Tennis Ball Manufacturing: A company manufactures tennis balls. When its tennis balls are dropped onto a concrete surface from a height of 100 inches, the company wants the mean height of a ball’s bounce upward to be 55.5 inches. This average is maintained by periodically testing random samples of 25 tennis balls. If a 99% confidence level contains the desired bounce height (55.5 inches), the company will be satisfied that it is manufacturing acceptable tennis balls. A sample of 25 tennis balls is randomly selected and tested. The mean bounce height of the sample is 56 inches and the standard deviation is .25 inches. Is the company making acceptable tennis balls? Explain your reasoning.
I have listed the givens, but I'm confused as to where the book is getting the t value of 2.797. I also don't know what equation to use
To determine whether the company is manufacturing acceptable tennis balls, we need to perform a hypothesis test and calculate a confidence interval.
Let's begin by setting up our null and alternative hypotheses:
Null Hypothesis (H0): The mean bounce height of tennis balls is equal to 55.5 inches.
Alternative Hypothesis (H1): The mean bounce height of tennis balls is not equal to 55.5 inches.
To perform the hypothesis test, we can use a t-test since we have a small sample size (n = 25) and do not know the population standard deviation. The t-value you mentioned, 2.797, appears to be a result of using the 99% confidence level and a two-tailed test.
The formula to calculate the t-value in this case is:
t = (sample mean - population mean) / (sample standard deviation / √sample size)
Let's plug in the given values:
sample mean (x̄) = 56 inches
population mean (μ) = 55.5 inches
sample standard deviation (s) = 0.25 inches
sample size (n) = 25
t = (56 - 55.5) / (0.25 / √25) = 2.797
Now, we need to compare the calculated t-value with the critical t-value to make our decision. The critical t-value can be found using the t-distribution table or statistical software. Since we have a two-tailed test, we want to consider both ends of the distribution.
At a 99% confidence level, the critical t-value for a two-tailed test with degrees of freedom (df) = n - 1 = 24 is approximately ±2.797.

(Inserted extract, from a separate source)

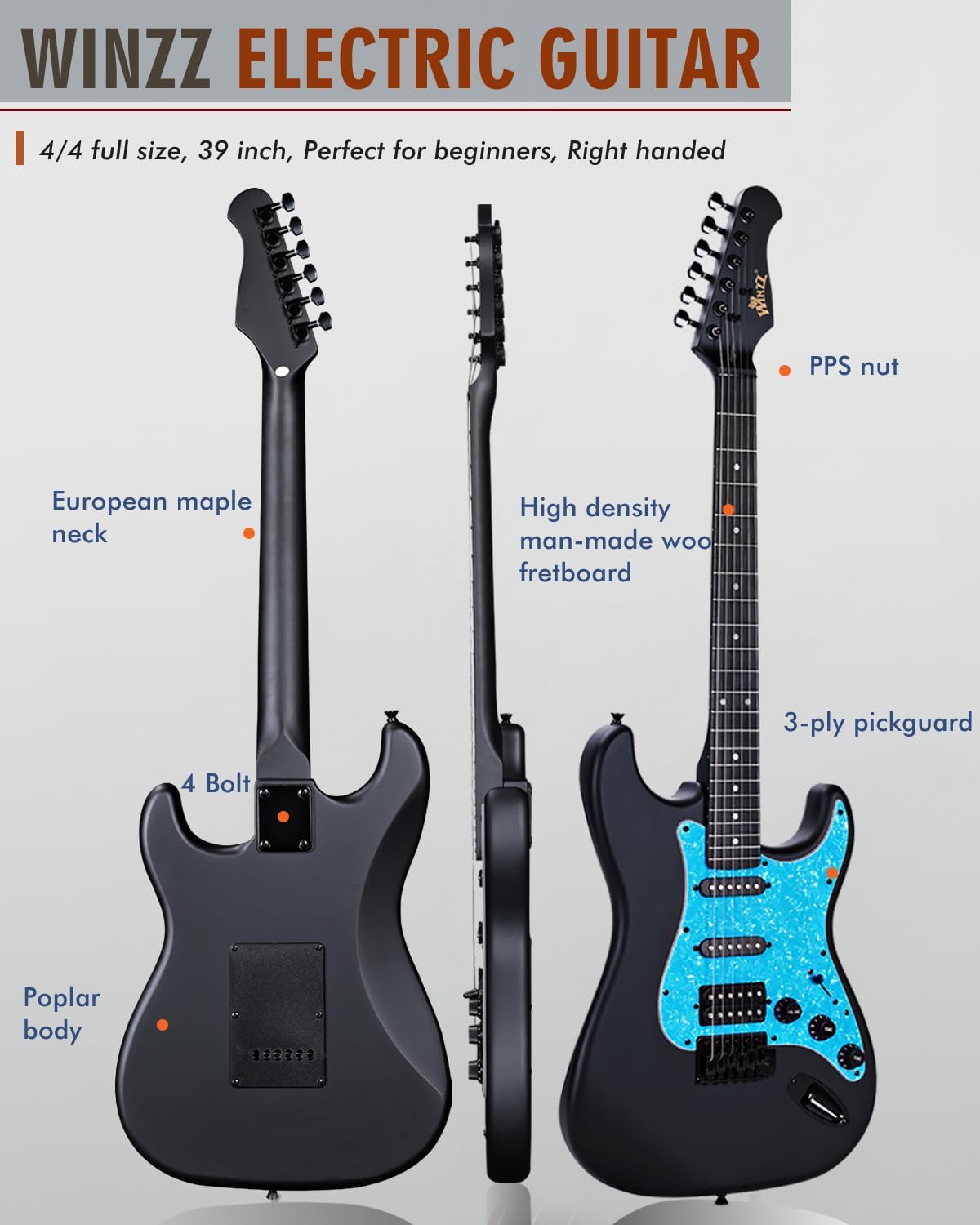 Winzz Adult Electric Guitar 4/4 Full Size, HSS Pickup, Guitar Electric ST for Beginners Starter Pack with 12 Accessories, Ideal Kids Electric Guitar Kit 12+ Years (39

Since our calculated t-value (2.797) falls within the range of the critical t-values (±2.797), we fail to reject the null hypothesis. This means that there is no significant evidence to suggest that the mean bounce height differs from the desired value of 55.5 inches.
Therefore, based on the given data, we can conclude that the company is making acceptable tennis balls.
Remember, hypothesis tests involve assumptions and limitations, so it's important to consider additional factors and consult statistical guidelines for your specific situation.
To determine whether the company is making acceptable tennis balls, we can conduct a hypothesis test using the given data. Here's how we can approach this problem step-by-step:
Step 1: State the null and alternative hypotheses.
- Null hypothesis (H0): The mean bounce height of the tennis balls is equal to the desired height of 55.5 inches.
- Alternative hypothesis (Ha): The mean bounce height of the tennis balls is not equal to 55.5 inches.
Step 2: Determine the significance level.
- The given confidence level is 99%. Therefore, the significance level (α) is calculated as 1 - confidence level = 1 - 0.99 = 0.01.
Step 3: Calculate the test statistic.
- To perform a hypothesis test, we can use the formula for the t-test:
t = (sample mean - population mean) / (sample standard deviation / √sample size)
- Given that the sample mean is 56 inches, the population mean (desired height) is 55.5 inches, the sample standard deviation is 0.25 inches, and the sample size is 25, we can calculate the t-value as follows:
t = (56 - 55.5) / (0.25 / √25) = 2.00
Step 4: Determine the critical value.
- Since the alternative hypothesis is two-tailed (the mean bounce height could be higher or lower than 55.5 inches), we need to find the critical t-value for a 99% confidence level with a significance level of 0.01/2 = 0.005.
- By referring to the t-distribution table or using statistical software, we find that the critical t-value is 2.797 for a two-tailed test with 24 degrees of freedom (sample size - 1).
Step 5: Compare the test statistic and critical value.
- Since the test statistic (t = 2.00) does not exceed the critical value (2.797), we fail to reject the null hypothesis.
Step 6: Draw a conclusion.
- Since we fail to reject the null hypothesis, we do not have sufficient evidence to conclude that the mean bounce height of the tennis balls is different from the desired height of 55.5 inches.
- This means that the company's tennis balls can be considered acceptable based on the 99% confidence level.
Therefore, according to the given data and the hypothesis test, the company is making acceptable tennis balls.